YOUR OBJECTIVE = If a record below holds a picture, drop the picture and restate everything else word for word.

DATASET RECORDS =
========

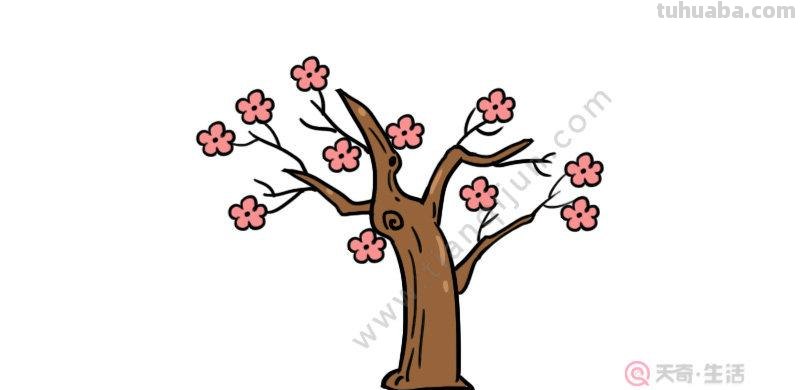 怎么画桃花树简笔画 画桃花树简单又漂亮？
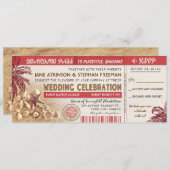 Palms Wedding Boarding Pass Tickets Kaart (Voorkant / Achterkant)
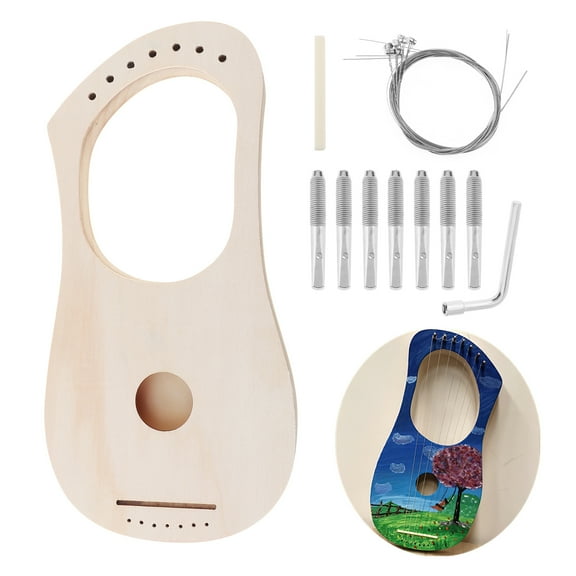 7 Strings Solid Basswood Lyre Harp DIY Kit for Amateur Beginner Fun Toy Art, String Instrument Handwork Painting Assembly
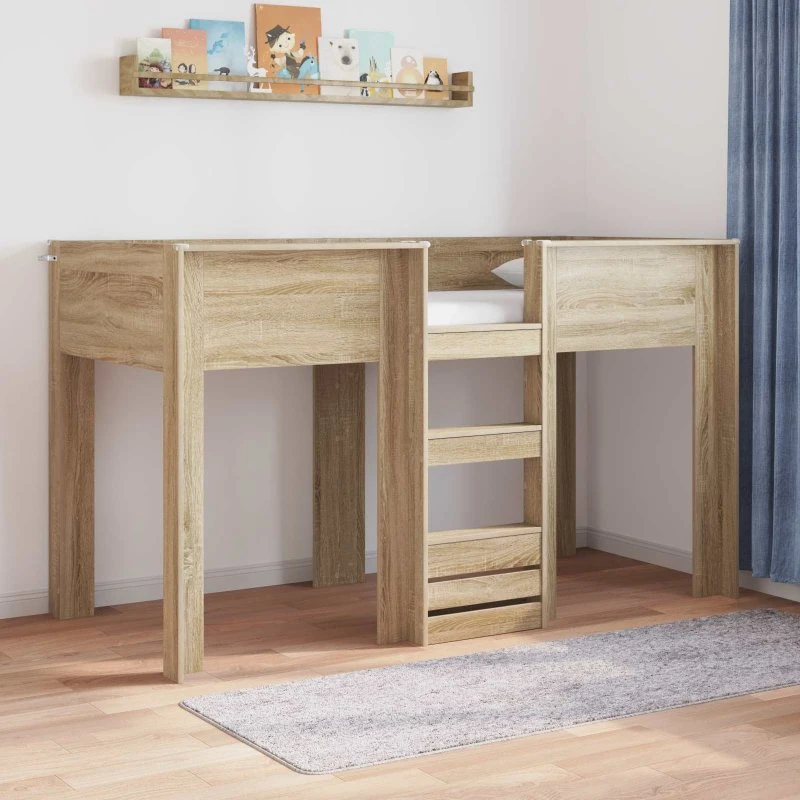 vidaXL Køjeseng til Børn Sonoma eg 75 x 190 cm Konstrueret Træ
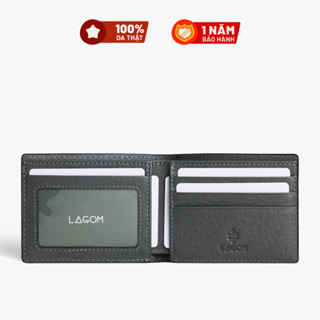 Ví nam Da Thật LAGOM Taiga Mini Bifold - phong cách tối giản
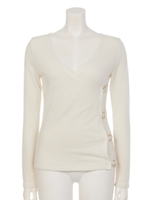 サイドリングカシュクールトップス/ベージュ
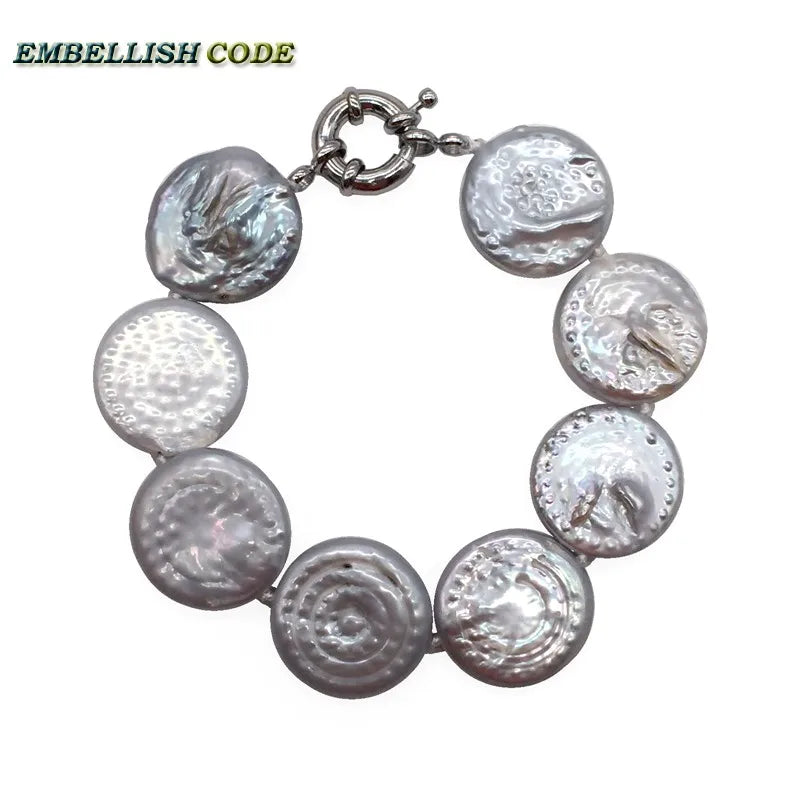 Baroque Large Pearl Bracelet Bangle Gray Colorful Flat Round Coin Button Shape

========

OUTPUT BELOW =
 怎么画桃花树简笔画 画桃花树简单又漂亮？
 Palms Wedding Boarding Pass Tickets Kaart (Voorkant / Achterkant)
 7 Strings Solid Basswood Lyre Harp DIY Kit for Amateur Beginner Fun Toy Art, String Instrument Handwork Painting Assembly
 vidaXL Køjeseng til Børn Sonoma eg 75 x 190 cm Konstrueret Træ
 Ví nam Da Thật LAGOM Taiga Mini Bifold - phong cách tối giản
 サイドリングカシュクールトップス/ベージュ
 Baroque Large Pearl Bracelet Bangle Gray Colorful Flat Round Coin Button Shape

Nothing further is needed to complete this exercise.